Public Speaking Topics



A cool way to come up with brilliant, topical public speaking topics.

Never be afraid of public speaking just because you can't come up with a decent speech topic.

That's ridiculous when you really think about it.

Topics for a speech or as presentation are everywhere, if you know where to look.

Where do you look? At your life.

And please don't imagine there's nothing of interest to other people in your life. On lots of levels, your audience's lives are exactly the same as yours.

They're humans. Therefore they suffer! In a million ways. Big or small it doesn't matter.

Have you ever suffered? Speak about that.

If you need graphic evidence of human suffering pick up a newspaper or, even better, surf a news website.

Use this technique and you'll have tons of public speaking topics in less than 5 minutes.

  1. Think About Your Audience. There's no getting away from this one. Make sure you at least give a few seconds to thinking about what they want to hear.
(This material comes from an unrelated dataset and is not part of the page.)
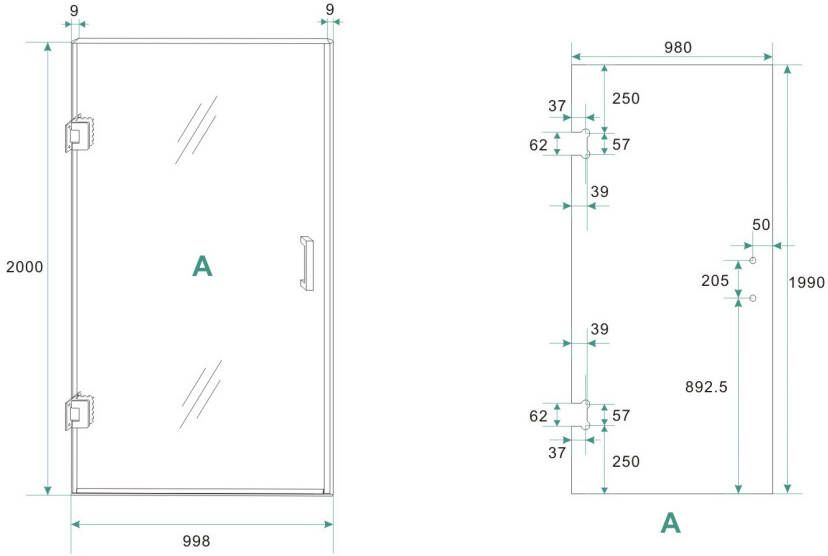 Wiesbaden profielloze nisdeur 1000x2000 8mm NANO glas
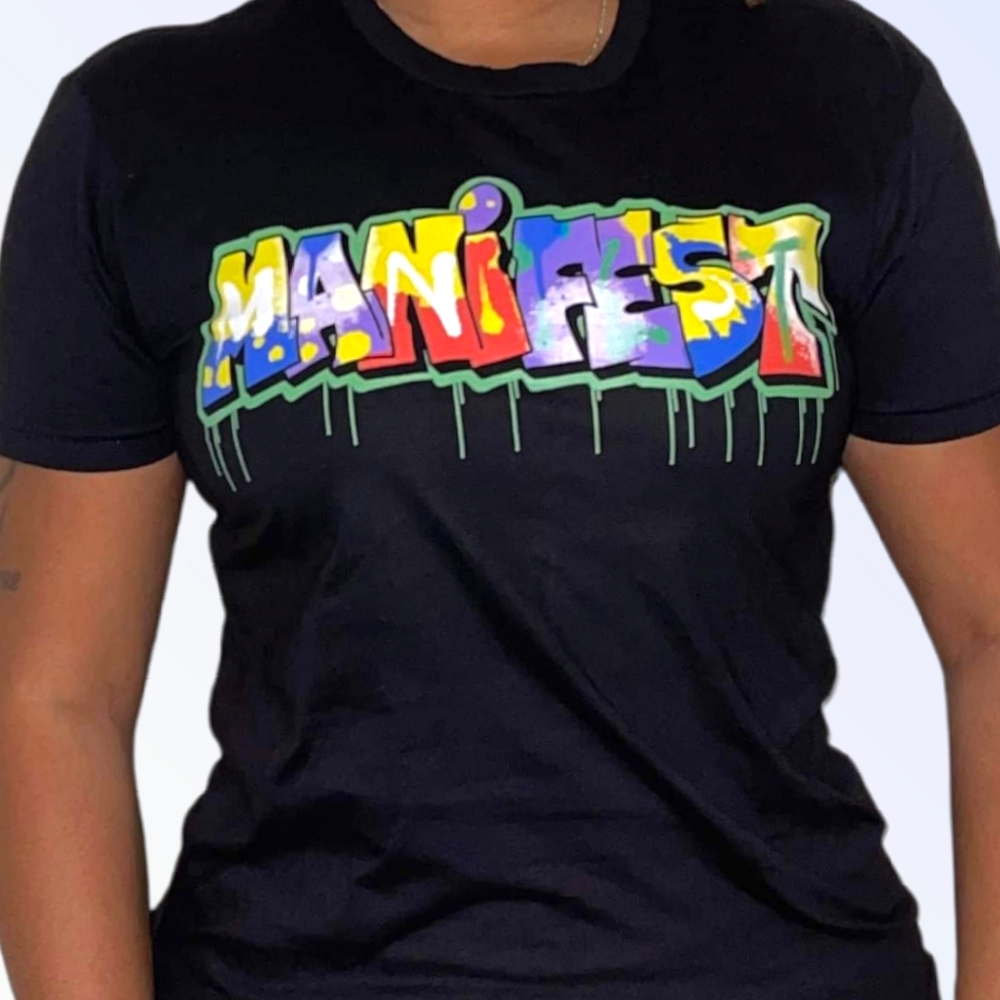 Unisex Black Manifest Graffiti Graphic T-Shirt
  2. Pick up today's copy of the main metropolitan daily newspaper.Or go to its website. Whatever.

  3. Read each of the headlines on the front page. This will give you plenty of speech ideas.

  4. Pick at least two angles from which to approach each story. You may need to skim the articles or you may already know enough about the issue to nail your topic. Write down each angle as it comes to you.

  5. Have fun with it. This public speaking stuff is meant to be enjoyable. You get to express yourself. And for a few minutes anyway people have to listen!


Here's my list from today:

  • "About-face lets 23 MPs keep travel perks." Politicians with their snouts in the trough. Hmmm. I can work with that.
  • "Bashing victim forgives her attackers." I could lament the violence in society today or marvel at the inspirational example of forgiveness shown here.
  • "Rugby brawl verdict - nine boys barred." Violence in a high profile school sport. I might debate the verdict, deplore the violence or deplore the mamby-pamby attitude of the judiciary. The tack depends on the audience and whether I want to be persuasive or provocative.
  • "Judge: Time to let gay couples adopt." Good human rights stuff here. Are we really still even questioning this? Good grief!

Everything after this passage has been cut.